Aterrizando en España, es evidente que la calidad de las instituciones en general ha experimentado mejoras a partir de la instauración de la democracia. Y aún ha mejorado más a partir de ser miembros de la UE, una institución con un peso creciente, que marca la pauta y —en muchos aspectos— actúa de garante. Cabe decir que, actualmente, en materia económica, la justicia española tiene una calidad digamos que razonablemente suficiente, en la medida en la que personas y empresas operan con seguridad, sabedores de que se respetan los derechos de propiedad y los conflictos mercantiles, y otros relacionados con la actividad económica se resuelven de forma objetiva. Otra cosa es la velocidad a la que se resuelven, que es lentísima. En todo caso, la gran presencia de empresas extranjeras en el país viene a demostrar que el mundo empresarial confía en este nivel de justicia, una condición sine qua non para operar.
Los países con un Estado de derecho deficiente y con unas instituciones que explotan a la población, no generan ni crecimiento ni transformaciones en la sociedad hacia la prosperidad
Llegados a este punto, quizás el lector se preguntará qué relación existe entre la alta justicia española y el Nobel en los economistas indicados y sus aportaciones. Con "alta justicia" me refiero a los máximos órganos de gobierno del sistema judicial español y sus actuaciones, no en temas económicos y mercantiles, sino en el fundamento de la calidad institucional de un país, la democracia.
Si uno se fija en las múltiples y cada vez más frecuentes injerencias de este estamento judicial en cuestiones que pertenecen a la esfera de la política, se hace cruces de que eso ocurra en un país que pretende presumir de democracia y de calidad institucional. Mi percepción como simple ciudadano, sin dedicarme a estudiarlo, es que la alta justicia incumple principios operativos muy básicos.
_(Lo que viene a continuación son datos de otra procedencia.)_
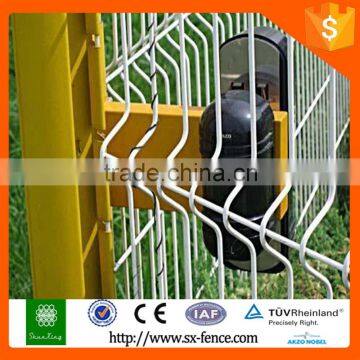 Factory Cheap Metal Garden Fencing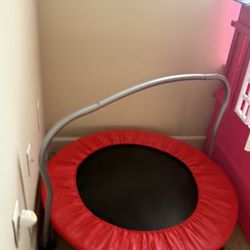 indoor kids trampoline 
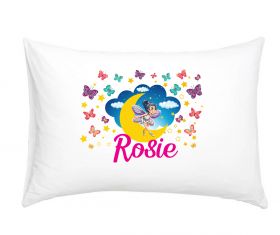 Personalised Fairy Pillowcase - Fairy#F06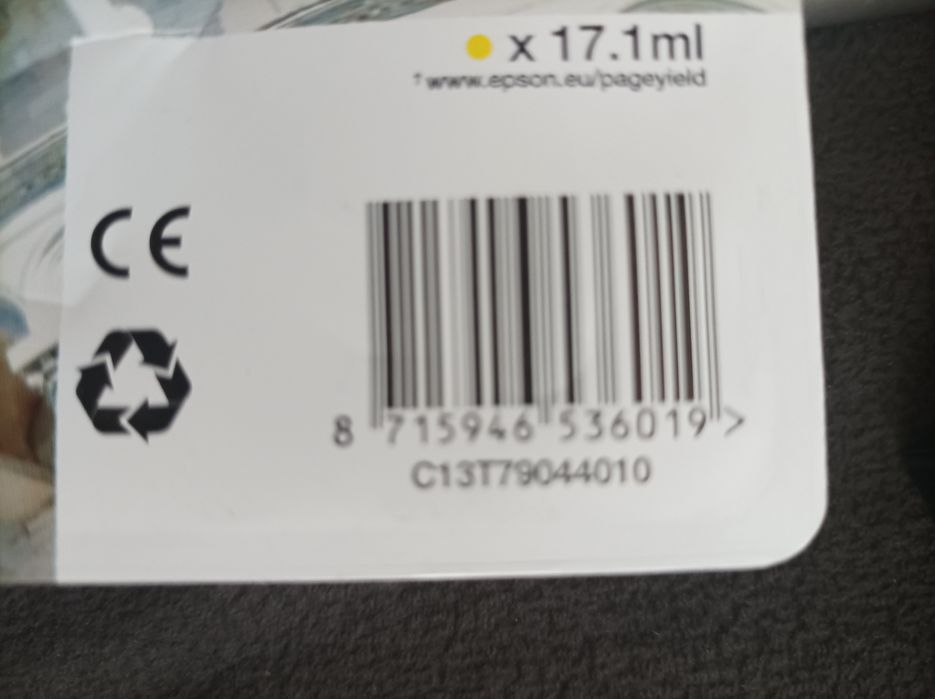 Tusze do drukarki Epson wf55-10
Para citar dos ejemplos, una actuación de perfil persecutorio contra el independentismo de los últimos años y la guerra judicial contra el legislativo español. Los medios de comunicación nos obsequian con actuaciones demasiado frecuentes que uno diría que atentan contra las funciones objetivas que tiene encomendadas.
La más importante de todas es que, por definición, la alta legislatura debería creer en la división de poderes, eso es, el legislativo, el ejecutivo y el judicial, y actuar en consecuencia, lo que demasiado a menudo parece que se olvida. La segunda es que la cúpula judicial debería ser imparcial, y la percepción que tenemos es que no lo es, que existen muchos sesgos en sus actuaciones, como por ejemplo el ideológico político (derecha-izquierda), el corporativismo para escalar a las máximas instancias, el activismo contra la diversidad territorial o la asignación de velocidades diferenciadas en la resolución de conflictos, entre otros. Demasiadas prácticas que pueden encontrarse en Turquía, Rusia y China, pero que chirrían en la Europa cuna de la democracia.
En términos de los Premios Nobel de economía, la alta judicatura española transmite la imagen de ser una élite extractiva de la democracia. Fue una lástima que, en la transición de la dictadura, este tema no se resolviera adecuadamente. El país ha crecido económicamente y tiene más renta, pero en materia de democracia, que es el fundamento de la calidad institucional, con esta alta judicatura, cojea, cojea mucho.